*YOUR OBJECTIVE*:
Beginning with the line that includes "Saudi Man in" and ending with the last line, print the records exactly, leaving every picture out.

++++ PROVIDED DATA

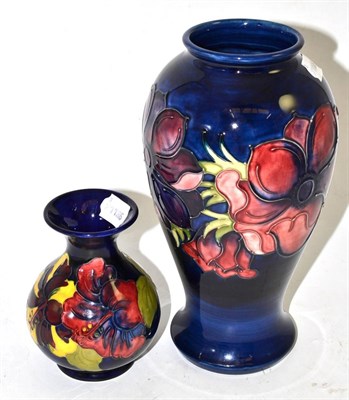 Lot 260 - A Walter Moorcroft Anemone pattern vase, on a blue ground, impressed factory marks (second),...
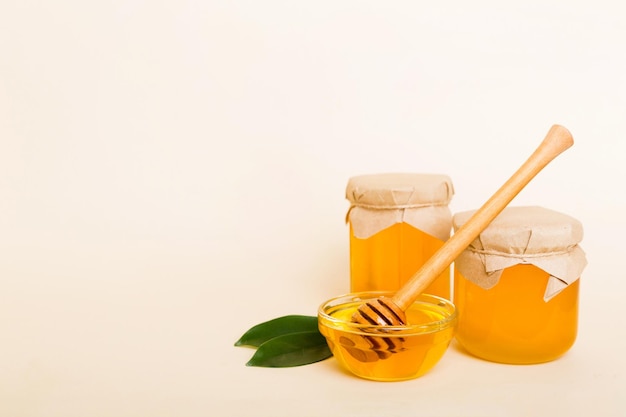 Honey in jar with leaves and honey dipper on colored background top view with copy text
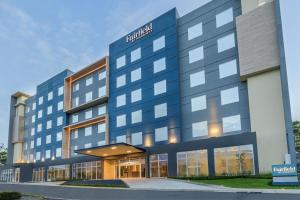 a large blue building with a hotel at Fairfield by Marriott San Jose Airport Alajuela in Alajuela City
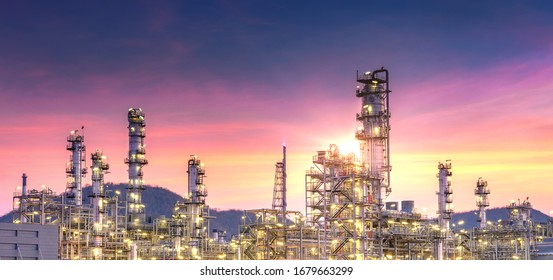 Panorama view of petrochemical oil and gas refinery and pipeline industry with sunset sky background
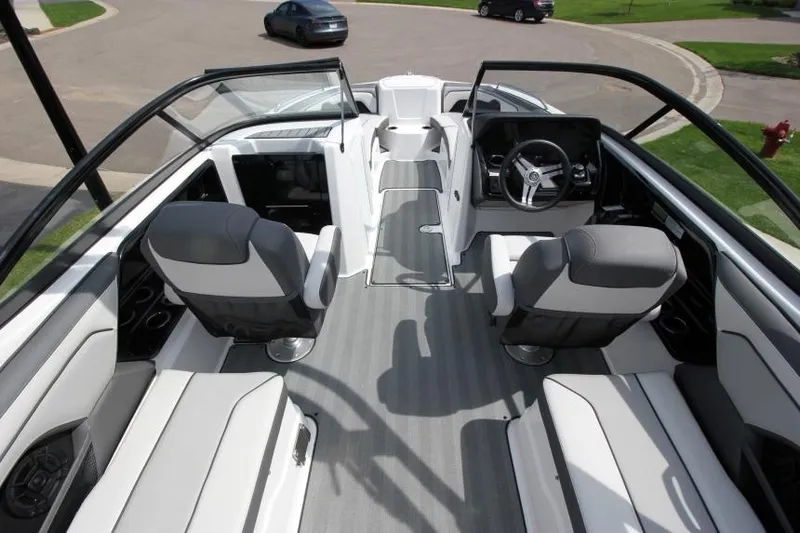 Slide: The Image of 2019 Yamaha Boats 212 Limited S interior with seating and steering wheel. - 32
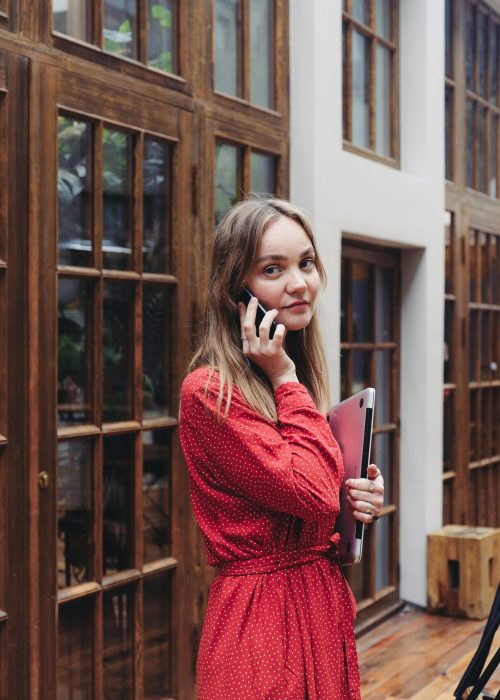 Caucasian woman in red polka dot dress talking on smartphone indoors, holding laptop.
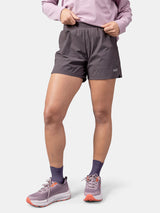 Person in einem lavendelfarbenen Sweatshirt, Halti Uurto Shorts Damen, lila Socken und lavendelfarbenen Laufschuhen auf weißem Hintergrund.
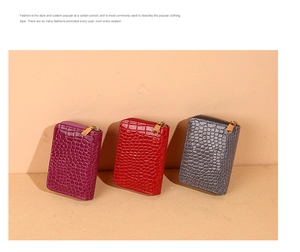 Detailed view of three glossy crocodile pattern card holders in purple, red, and grey tones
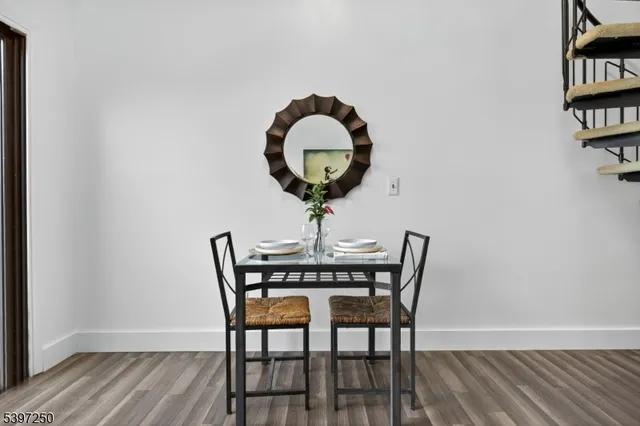 a sitting area with furniture and wooden floor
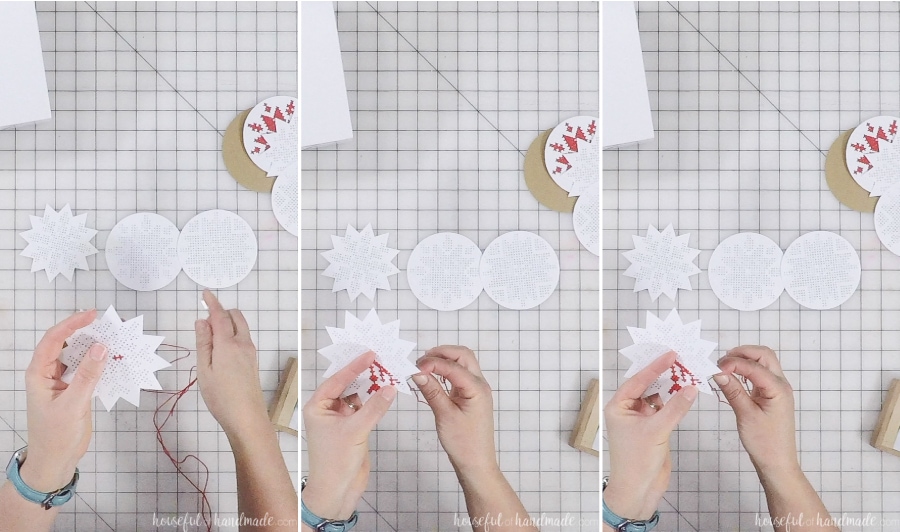 Stitching the cross-stitch snowflake design on the paper ornaments.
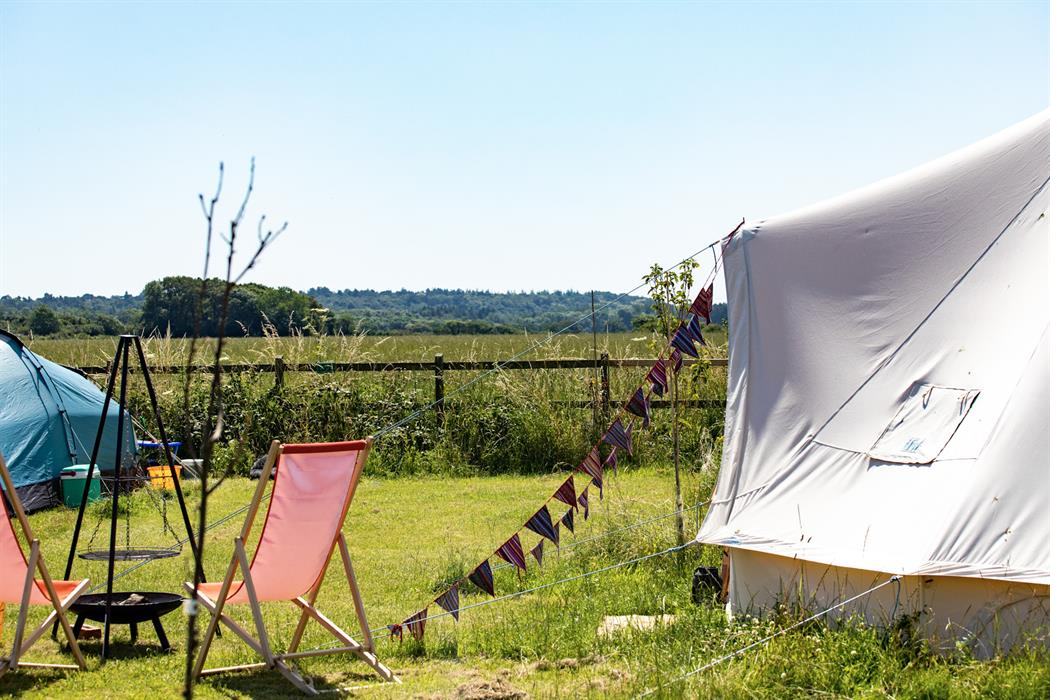 glamping bell tents with meadow views in the sunshine, right by the beach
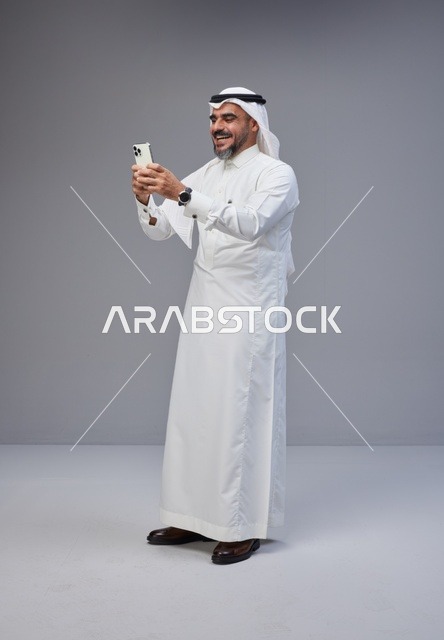 Saudi Man in Traditional Thobe Using Smartphone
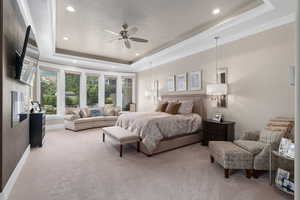 Carpeted bedroom featuring a raised ceiling and ceiling fan  Automatic shades.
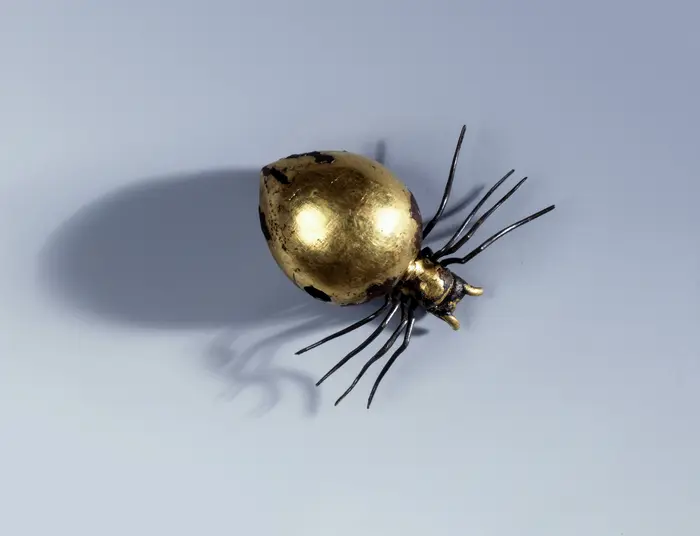 goldene Spinnenfigur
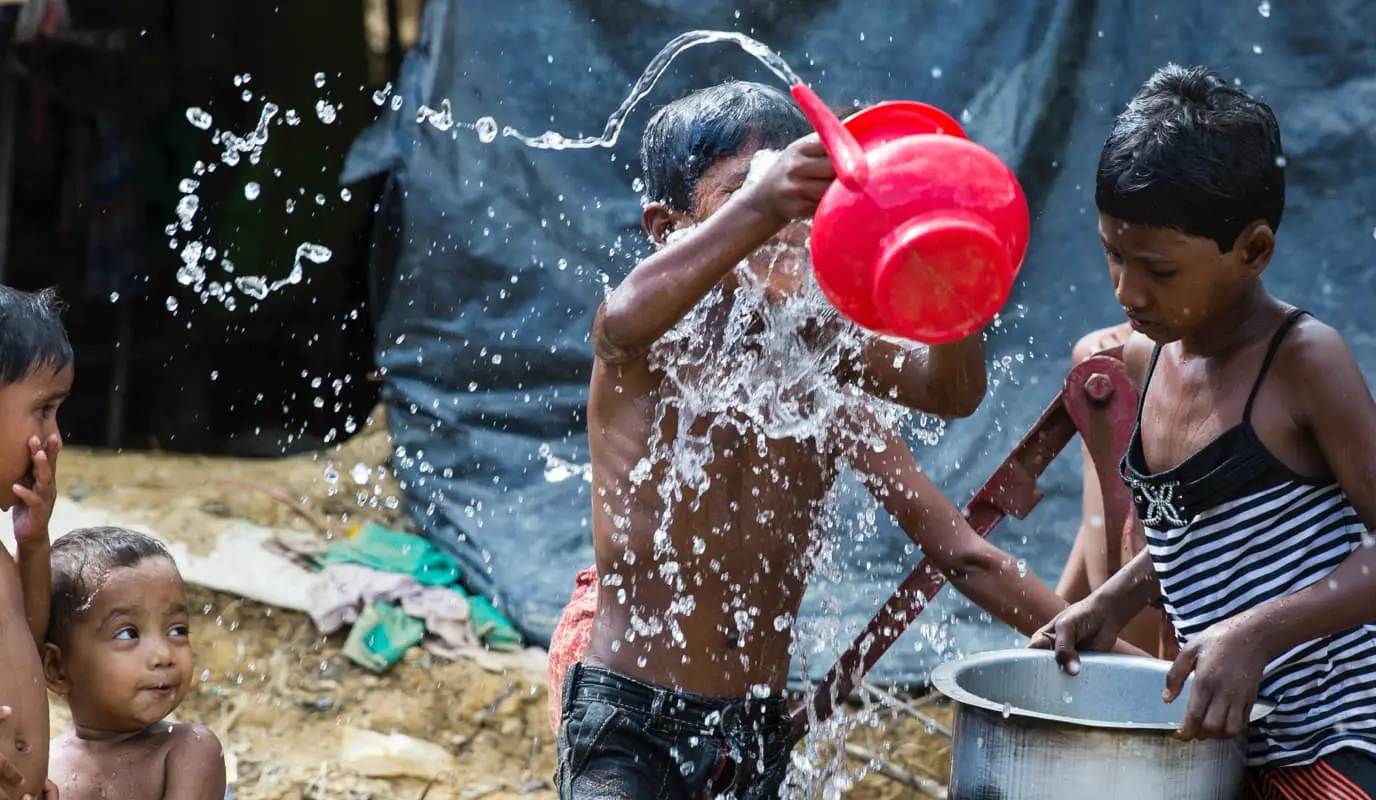 Kids wash in a Rohingya camp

++++++++

*ANSWER SECTION*:
 Saudi Man in Traditional Thobe Using Smartphone
 Carpeted bedroom featuring a raised ceiling and ceiling fan  Automatic shades.
 goldene Spinnenfigur
 Kids wash in a Rohingya camp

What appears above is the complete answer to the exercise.